Assignment —
The lines below are to be quoted exactly, from the first through the one that contains "FIREGAS Hotte Aspirante".
▼
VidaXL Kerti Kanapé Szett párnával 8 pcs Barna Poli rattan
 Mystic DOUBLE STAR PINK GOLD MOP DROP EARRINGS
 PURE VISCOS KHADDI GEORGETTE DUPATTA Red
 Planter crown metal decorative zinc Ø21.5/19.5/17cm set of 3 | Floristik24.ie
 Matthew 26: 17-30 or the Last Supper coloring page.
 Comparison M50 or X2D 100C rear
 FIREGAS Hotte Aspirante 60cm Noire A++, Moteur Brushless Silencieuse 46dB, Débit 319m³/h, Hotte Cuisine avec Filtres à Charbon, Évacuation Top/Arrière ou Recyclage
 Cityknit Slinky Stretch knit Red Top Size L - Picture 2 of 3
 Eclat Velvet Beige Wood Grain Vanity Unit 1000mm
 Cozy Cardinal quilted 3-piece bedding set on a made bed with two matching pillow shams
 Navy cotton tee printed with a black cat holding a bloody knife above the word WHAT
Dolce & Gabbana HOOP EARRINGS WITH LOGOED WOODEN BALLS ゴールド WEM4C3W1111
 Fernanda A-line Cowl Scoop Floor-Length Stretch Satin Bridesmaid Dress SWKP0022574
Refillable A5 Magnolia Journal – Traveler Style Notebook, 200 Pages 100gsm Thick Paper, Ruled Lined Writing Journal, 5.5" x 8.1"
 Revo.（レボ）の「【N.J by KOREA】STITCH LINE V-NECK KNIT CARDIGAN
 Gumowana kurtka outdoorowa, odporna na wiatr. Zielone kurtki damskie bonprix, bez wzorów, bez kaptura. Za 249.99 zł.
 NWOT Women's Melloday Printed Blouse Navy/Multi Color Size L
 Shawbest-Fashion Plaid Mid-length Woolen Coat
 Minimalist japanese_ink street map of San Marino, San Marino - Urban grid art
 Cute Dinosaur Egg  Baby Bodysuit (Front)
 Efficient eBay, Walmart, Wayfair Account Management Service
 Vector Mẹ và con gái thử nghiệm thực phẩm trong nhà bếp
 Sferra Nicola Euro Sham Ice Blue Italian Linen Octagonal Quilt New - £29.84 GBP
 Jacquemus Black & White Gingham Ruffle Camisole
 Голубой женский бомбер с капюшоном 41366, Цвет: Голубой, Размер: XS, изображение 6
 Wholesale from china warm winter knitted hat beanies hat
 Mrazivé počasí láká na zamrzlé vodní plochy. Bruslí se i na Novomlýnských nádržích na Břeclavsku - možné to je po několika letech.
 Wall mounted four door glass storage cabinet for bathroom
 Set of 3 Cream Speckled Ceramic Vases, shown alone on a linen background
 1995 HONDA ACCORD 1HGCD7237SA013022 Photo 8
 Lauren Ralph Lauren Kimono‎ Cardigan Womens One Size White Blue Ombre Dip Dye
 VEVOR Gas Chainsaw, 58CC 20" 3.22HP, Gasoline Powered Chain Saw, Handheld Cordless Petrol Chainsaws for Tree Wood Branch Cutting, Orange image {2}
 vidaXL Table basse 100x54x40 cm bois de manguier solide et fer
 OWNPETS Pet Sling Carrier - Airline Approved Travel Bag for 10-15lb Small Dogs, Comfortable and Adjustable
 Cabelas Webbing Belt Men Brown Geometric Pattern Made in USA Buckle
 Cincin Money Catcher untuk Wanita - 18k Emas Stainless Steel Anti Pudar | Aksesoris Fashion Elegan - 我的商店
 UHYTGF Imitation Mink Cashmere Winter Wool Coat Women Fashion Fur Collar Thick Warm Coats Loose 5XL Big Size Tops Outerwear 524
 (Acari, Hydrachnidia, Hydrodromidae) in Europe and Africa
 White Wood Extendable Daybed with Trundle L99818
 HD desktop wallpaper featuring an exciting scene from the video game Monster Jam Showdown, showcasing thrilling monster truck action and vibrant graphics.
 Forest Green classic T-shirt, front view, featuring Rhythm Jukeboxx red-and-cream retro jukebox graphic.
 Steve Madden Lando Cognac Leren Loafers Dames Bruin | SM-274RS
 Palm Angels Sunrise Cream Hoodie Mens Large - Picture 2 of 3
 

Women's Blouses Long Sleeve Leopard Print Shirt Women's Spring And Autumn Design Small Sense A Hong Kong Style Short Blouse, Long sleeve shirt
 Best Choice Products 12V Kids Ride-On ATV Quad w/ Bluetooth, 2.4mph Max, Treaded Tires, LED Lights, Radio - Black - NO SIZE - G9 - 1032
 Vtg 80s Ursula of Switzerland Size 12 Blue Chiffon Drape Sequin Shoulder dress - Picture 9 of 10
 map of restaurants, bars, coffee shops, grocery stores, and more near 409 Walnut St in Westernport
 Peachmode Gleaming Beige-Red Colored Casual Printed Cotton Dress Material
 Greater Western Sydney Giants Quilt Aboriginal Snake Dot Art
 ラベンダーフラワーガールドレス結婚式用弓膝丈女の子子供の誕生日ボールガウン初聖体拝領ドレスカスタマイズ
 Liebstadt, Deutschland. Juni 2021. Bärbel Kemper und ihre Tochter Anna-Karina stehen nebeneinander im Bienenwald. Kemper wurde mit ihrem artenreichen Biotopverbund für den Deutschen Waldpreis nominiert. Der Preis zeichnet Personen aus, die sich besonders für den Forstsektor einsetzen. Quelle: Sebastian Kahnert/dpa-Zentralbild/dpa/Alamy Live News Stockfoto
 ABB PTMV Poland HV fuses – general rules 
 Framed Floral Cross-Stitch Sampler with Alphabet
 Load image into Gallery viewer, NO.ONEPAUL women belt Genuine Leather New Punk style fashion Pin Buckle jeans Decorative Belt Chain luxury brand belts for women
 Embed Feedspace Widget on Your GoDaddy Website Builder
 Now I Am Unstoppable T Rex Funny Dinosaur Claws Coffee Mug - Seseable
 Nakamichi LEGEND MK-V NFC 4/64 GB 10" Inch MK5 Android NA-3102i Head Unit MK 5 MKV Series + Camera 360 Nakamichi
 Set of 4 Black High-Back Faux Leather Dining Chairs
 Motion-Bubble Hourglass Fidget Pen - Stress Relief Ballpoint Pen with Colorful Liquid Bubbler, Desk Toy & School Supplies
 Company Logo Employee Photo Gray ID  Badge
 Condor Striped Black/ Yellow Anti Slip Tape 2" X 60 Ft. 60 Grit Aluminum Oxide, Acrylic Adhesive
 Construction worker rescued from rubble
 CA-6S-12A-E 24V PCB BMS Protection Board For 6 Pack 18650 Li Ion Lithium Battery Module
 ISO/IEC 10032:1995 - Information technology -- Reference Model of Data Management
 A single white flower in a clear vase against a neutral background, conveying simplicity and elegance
▲
Completed exercise —
VidaXL Kerti Kanapé Szett párnával 8 pcs Barna Poli rattan
 Mystic DOUBLE STAR PINK GOLD MOP DROP EARRINGS
 PURE VISCOS KHADDI GEORGETTE DUPATTA Red
 Planter crown metal decorative zinc Ø21.5/19.5/17cm set of 3 | Floristik24.ie
 Matthew 26: 17-30 or the Last Supper coloring page.
 Comparison M50 or X2D 100C rear
 FIREGAS Hotte Aspirante 60cm Noire A++, Moteur Brushless Silencieuse 46dB, Débit 319m³/h, Hotte Cuisine avec Filtres à Charbon, Évacuation Top/Arrière ou Recyclage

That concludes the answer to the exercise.